Memorial Day is one of America’s most honored holidays, when all military personnel are recognized and appreciated for their sacrifices and dedication to preserving the ideals of freedom and democracy not only within the United States of America, but around the globe.

How to Honor Civil Rights Day

Honoring Civil Rights Day

In 1957, President Dwight D. Eisenhower suggested that the United States government should form a group recognizing and addressing the issues of civil rights in a formal manner. The result was the formation of the United States Commission on Civil Rights.
Generally observed on the third Monday of January, along with Martin Luther King’s birthday, Civil Rights Day is a day to reflect on the dreams and aspirations of millions of Americans of different color, races, creeds and beliefs.

Civil rights are defined as specific rights as guaranteed by the United State’s Constitution, which are freedom of religion, freedom of speech and of the press, and the right to equal protection under the law, as well as due process. Since the end of the Civil War and the freeing of slaves after Lincoln’s Emancipation Proclamation, the search and drive for equal rights among Africa-Americans, Latinos, Asians and Native American’s has propelled America through several eras of growing pains and lessons gained from multiple public figureheads. The 1950’s and 1960’s saw an unprecedented number of moves within every geographical area within the United States, to recognize and address issues of equality between African-Americans, Asians and Latino citizens within around the country. Such men as Martin Luther King Jr., and César Chávez, as well as well as group movements such as the Black Panthers and the American Indian Movement has drawn much attention to the plight and inequality of many races within the United States.

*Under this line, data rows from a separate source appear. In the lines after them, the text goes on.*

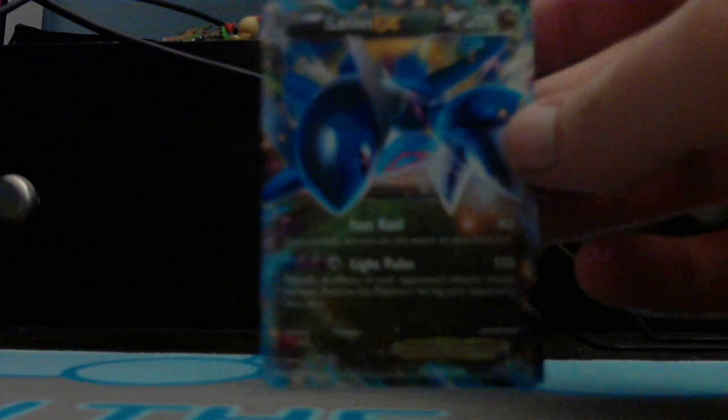I like the Rayquaza EX promo better than this one, but yeah, it's a pretty good artwork actually. I don't collect Pokemon cards for the artwork, but I do like to collect Dragon-type Pokemon. And this is pretty nice artwork, honestly. I'm not gonna lie. Let's open some packs now.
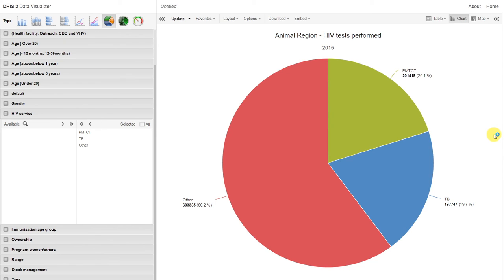We're back in the DHIS2 data visualizer. Let's continue with another example to show you some more features of the data visualizer.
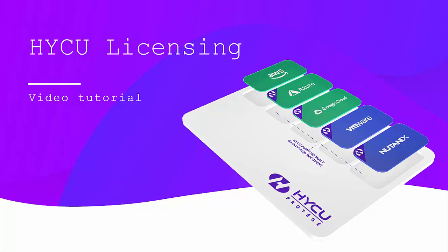Welcome to HYCU Licensing Activation video tutorial. This video guide will take you step-by-step through the process of activating your HYCU.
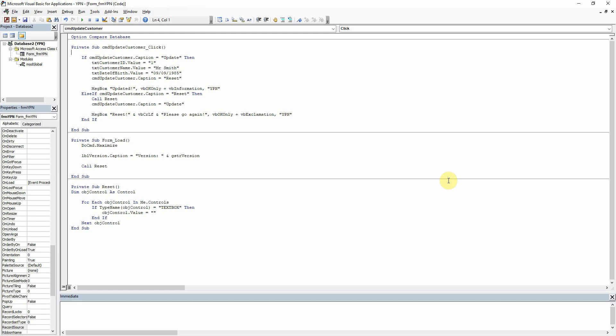Hello everyone. Today we are going to take a look at connecting to a database within VBA, so we can then use this to pull data into our text boxes. We can also insert data from the text boxes into the database, update records, etc. This is one of the most useful things that you will want to do from within your form generally.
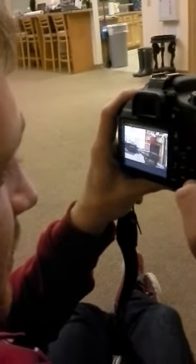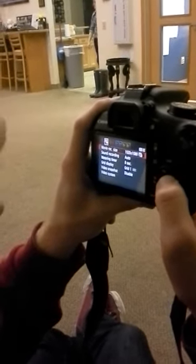Now I'm just going to press random things, because I had no idea how to do this. Movies. Okay. Auto. I don't know what that means.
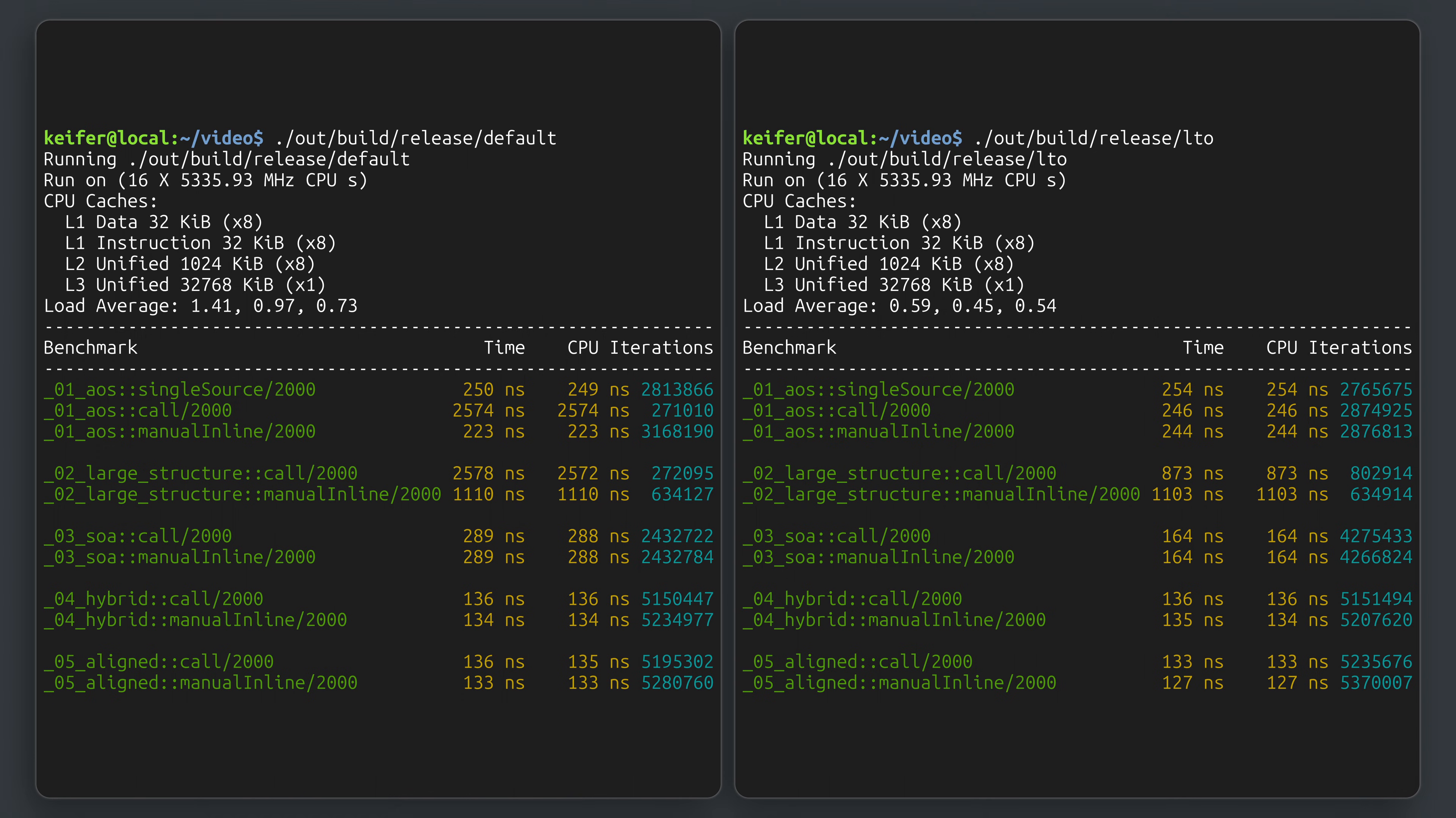So should you use LTO when compiling your programs? The short answer is that you should at least give it a try. Much like with other optimizations, there's plenty of opportunity for it to help, and at worst, you have another data point on what works best for your project.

The very first governmental legislation that sought to ensure the rights of former slaves were introduced and defined in the Civil Rights Acts of the 1800’s, which gave African-American males the right to vote and to own property. By 1870, the Fourteenth Amendment guaranteed ‘equal protection under the law to all persons (not only to citizens) within their jurisdictions’. David Souter, a Supreme Court Justice, said of the amendment, “it is the most significant structural provision adopted since the original Framing”. While the Amendment was not generally recognized and put into actual process in the 1950’s and 1960’s, it served as the basis for the prevention of racial segregation in public schools. Since the advent of civil rights movements of the 1960’s, Americans of different colors and beliefs today are able to enjoy freedoms that their ancestors never dreamed possible.

However, the United States of America is ‘dedicated to the proposition that all men are created equal…’ and even though it took years of struggle and sacrifice to attain current standards, America as a whole has grown in resources and ideology since then. Federal regulations drafted and implemented in the late 1950’s and early 1960’s saw individual states passing their own civil rights laws, and the era spawned the organization that is known today as the NAACP, the National Association for the Advancement of Colored People, as well as the Congress of Racial Equality and the Urban League.

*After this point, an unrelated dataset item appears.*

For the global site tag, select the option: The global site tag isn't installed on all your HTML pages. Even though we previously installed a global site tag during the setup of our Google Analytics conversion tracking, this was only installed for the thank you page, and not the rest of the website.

The famous civil rights movements held during the 1960’s, mainly led by Dr. Martin Luther King Jr., are a part of America’s history and are recognized and remembered as a time of struggle, of changing attitudes and the breaking down of barriers that had separated races since the earliest colonial times. The Civil Rights Act of 1964 prohibited employers and businesses from discriminating against anyone because of the color of his or her skin, their beliefs, their ethnicity or their nation or origin. It ordered that public facilities be accessible to people of all colors and backgrounds, and did away with the idea of segregation.

Today, children of all races and colors play together on school playgrounds and join together in friendship and learning in campuses around the country. People of different races enjoy living side-by-side and learning from each other. Civil Rights Day is a day when the efforts and sacrifice of those who came before us paved the way to open relations and broke down barriers between those of different race, color and creed.